**What you need to do**
Set down the lines below exactly as they stand, please. Go from the first through the one containing "Tokyo-Tiger Ink Frog Painting Washed T-Shirt".

(Items from a dataset)
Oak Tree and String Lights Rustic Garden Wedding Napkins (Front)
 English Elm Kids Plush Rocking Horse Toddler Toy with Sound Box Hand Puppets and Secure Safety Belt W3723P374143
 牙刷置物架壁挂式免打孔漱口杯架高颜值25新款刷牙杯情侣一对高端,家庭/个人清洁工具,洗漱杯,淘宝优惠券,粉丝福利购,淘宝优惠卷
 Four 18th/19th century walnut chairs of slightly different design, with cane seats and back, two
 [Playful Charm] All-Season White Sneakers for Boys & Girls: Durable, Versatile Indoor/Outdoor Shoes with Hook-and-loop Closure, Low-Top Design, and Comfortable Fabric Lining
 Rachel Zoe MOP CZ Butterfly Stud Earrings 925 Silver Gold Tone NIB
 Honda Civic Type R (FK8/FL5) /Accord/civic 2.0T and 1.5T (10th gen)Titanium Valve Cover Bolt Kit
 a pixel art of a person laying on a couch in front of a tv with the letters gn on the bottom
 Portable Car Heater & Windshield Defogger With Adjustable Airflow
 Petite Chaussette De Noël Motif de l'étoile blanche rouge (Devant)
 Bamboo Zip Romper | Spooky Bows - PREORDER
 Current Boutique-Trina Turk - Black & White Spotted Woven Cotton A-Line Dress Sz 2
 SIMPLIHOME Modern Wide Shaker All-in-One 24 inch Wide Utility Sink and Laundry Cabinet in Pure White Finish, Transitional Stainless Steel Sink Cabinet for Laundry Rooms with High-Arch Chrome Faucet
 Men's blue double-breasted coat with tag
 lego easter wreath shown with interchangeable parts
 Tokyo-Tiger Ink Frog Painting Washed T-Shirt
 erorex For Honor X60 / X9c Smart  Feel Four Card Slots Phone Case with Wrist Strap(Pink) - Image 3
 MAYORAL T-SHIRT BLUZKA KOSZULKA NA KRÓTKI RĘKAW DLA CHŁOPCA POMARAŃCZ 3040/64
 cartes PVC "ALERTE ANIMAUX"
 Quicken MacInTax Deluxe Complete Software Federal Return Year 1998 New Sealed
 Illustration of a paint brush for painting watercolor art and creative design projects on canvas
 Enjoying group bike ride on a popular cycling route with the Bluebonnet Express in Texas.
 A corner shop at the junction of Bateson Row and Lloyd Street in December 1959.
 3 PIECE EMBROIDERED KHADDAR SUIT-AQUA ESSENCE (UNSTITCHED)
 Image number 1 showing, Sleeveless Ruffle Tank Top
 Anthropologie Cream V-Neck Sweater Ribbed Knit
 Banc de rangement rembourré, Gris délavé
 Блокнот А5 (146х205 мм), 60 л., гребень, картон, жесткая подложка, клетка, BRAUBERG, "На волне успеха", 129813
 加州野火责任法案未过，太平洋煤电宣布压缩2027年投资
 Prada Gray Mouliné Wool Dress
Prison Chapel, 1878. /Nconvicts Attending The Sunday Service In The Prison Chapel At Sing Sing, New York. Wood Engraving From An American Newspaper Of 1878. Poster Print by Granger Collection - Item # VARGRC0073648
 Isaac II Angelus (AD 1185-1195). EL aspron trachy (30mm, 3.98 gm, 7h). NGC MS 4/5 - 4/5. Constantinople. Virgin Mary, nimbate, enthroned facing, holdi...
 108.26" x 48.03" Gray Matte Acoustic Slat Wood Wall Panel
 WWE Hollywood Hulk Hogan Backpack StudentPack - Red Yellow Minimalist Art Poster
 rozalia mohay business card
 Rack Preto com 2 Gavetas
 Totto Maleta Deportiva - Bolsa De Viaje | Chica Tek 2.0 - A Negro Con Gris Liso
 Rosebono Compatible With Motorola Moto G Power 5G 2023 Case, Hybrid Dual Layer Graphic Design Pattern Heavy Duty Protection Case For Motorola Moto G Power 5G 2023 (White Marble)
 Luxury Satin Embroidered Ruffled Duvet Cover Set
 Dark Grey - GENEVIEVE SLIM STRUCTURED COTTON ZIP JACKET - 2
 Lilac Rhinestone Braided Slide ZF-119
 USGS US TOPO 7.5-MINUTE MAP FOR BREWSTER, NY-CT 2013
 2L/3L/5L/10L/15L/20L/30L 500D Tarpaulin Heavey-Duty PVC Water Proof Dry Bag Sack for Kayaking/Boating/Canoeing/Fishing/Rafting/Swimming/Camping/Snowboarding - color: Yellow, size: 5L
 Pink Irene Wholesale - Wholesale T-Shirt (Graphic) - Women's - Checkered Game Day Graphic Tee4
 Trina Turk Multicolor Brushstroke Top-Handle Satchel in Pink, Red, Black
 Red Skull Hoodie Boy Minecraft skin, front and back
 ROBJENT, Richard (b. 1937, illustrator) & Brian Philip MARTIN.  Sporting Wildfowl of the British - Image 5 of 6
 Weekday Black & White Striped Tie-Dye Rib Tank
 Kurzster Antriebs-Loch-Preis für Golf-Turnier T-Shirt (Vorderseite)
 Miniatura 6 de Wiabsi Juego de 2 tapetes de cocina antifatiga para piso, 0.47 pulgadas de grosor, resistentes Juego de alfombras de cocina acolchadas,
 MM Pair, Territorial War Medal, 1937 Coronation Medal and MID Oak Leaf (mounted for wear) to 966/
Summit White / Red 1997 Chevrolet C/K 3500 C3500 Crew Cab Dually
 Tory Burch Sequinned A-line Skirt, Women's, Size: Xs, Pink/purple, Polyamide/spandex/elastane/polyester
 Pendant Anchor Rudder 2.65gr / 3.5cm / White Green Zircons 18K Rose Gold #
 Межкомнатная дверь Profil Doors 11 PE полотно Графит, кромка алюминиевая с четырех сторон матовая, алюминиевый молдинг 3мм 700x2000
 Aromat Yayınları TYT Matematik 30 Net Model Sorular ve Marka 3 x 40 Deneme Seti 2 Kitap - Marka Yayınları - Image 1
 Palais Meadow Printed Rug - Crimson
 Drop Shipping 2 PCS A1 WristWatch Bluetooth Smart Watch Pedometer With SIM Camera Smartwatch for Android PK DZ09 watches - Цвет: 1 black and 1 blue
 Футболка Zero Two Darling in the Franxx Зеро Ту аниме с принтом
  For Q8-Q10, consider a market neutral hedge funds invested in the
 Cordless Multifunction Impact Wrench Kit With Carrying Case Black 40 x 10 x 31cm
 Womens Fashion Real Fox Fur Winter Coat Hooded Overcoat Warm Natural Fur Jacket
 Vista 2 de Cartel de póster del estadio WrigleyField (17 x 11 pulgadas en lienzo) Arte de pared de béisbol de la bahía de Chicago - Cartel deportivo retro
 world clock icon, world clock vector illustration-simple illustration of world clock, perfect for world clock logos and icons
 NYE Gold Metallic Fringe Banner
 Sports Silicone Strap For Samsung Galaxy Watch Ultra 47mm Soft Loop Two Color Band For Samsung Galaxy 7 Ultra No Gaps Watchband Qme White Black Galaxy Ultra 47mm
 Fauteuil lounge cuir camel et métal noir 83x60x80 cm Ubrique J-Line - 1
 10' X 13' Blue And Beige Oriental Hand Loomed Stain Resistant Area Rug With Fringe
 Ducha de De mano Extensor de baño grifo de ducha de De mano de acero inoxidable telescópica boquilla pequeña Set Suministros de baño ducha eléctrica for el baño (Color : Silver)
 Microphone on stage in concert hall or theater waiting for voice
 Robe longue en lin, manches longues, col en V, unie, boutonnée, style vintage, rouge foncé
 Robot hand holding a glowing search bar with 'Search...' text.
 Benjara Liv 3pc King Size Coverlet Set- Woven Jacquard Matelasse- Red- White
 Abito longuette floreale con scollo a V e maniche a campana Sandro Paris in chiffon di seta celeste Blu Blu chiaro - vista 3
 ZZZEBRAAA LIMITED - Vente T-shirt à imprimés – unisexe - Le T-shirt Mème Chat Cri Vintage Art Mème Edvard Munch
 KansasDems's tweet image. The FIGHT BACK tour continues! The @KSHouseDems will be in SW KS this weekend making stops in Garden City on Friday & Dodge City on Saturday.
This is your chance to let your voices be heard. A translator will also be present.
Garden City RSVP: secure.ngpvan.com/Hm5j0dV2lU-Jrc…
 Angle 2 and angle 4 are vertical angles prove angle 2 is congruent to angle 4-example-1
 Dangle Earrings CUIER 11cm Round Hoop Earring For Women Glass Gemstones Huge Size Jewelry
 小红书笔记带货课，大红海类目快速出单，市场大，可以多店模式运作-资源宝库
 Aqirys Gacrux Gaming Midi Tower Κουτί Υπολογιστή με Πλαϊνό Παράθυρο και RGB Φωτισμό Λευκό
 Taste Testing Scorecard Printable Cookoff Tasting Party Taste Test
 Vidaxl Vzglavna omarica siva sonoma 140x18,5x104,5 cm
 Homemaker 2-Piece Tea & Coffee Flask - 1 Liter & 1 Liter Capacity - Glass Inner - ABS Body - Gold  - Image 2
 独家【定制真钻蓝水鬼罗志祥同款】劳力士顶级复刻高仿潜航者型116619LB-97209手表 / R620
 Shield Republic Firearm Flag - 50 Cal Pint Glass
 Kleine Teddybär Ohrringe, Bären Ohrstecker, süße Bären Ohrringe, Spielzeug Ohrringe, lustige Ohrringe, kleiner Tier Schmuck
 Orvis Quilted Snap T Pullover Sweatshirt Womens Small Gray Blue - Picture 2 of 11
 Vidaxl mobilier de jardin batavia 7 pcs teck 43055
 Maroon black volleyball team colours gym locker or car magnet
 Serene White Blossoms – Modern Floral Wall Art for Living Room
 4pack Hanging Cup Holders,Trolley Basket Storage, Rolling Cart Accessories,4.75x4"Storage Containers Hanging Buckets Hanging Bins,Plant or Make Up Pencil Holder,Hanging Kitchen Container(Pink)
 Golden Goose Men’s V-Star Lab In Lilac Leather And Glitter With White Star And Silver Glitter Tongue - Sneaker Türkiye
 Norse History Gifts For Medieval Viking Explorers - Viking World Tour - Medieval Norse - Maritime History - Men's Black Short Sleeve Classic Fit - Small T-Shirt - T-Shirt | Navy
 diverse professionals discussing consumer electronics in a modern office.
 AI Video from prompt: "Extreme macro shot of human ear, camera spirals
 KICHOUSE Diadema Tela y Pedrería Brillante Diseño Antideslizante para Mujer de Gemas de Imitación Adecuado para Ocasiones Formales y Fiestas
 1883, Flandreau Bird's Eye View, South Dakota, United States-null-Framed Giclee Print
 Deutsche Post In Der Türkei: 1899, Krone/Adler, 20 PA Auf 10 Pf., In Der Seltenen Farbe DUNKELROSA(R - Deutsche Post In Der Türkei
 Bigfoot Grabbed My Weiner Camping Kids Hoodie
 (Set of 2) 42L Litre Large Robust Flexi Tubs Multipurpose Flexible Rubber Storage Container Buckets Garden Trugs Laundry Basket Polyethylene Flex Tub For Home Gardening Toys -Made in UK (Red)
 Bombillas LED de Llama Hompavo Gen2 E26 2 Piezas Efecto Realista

**Task answer**
Oak Tree and String Lights Rustic Garden Wedding Napkins (Front)
 English Elm Kids Plush Rocking Horse Toddler Toy with Sound Box Hand Puppets and Secure Safety Belt W3723P374143
 牙刷置物架壁挂式免打孔漱口杯架高颜值25新款刷牙杯情侣一对高端,家庭/个人清洁工具,洗漱杯,淘宝优惠券,粉丝福利购,淘宝优惠卷
 Four 18th/19th century walnut chairs of slightly different design, with cane seats and back, two
 [Playful Charm] All-Season White Sneakers for Boys & Girls: Durable, Versatile Indoor/Outdoor Shoes with Hook-and-loop Closure, Low-Top Design, and Comfortable Fabric Lining
 Rachel Zoe MOP CZ Butterfly Stud Earrings 925 Silver Gold Tone NIB
 Honda Civic Type R (FK8/FL5) /Accord/civic 2.0T and 1.5T (10th gen)Titanium Valve Cover Bolt Kit
 a pixel art of a person laying on a couch in front of a tv with the letters gn on the bottom
 Portable Car Heater & Windshield Defogger With Adjustable Airflow
 Petite Chaussette De Noël Motif de l'étoile blanche rouge (Devant)
 Bamboo Zip Romper | Spooky Bows - PREORDER
 Current Boutique-Trina Turk - Black & White Spotted Woven Cotton A-Line Dress Sz 2
 SIMPLIHOME Modern Wide Shaker All-in-One 24 inch Wide Utility Sink and Laundry Cabinet in Pure White Finish, Transitional Stainless Steel Sink Cabinet for Laundry Rooms with High-Arch Chrome Faucet
 Men's blue double-breasted coat with tag
 lego easter wreath shown with interchangeable parts
 Tokyo-Tiger Ink Frog Painting Washed T-Shirt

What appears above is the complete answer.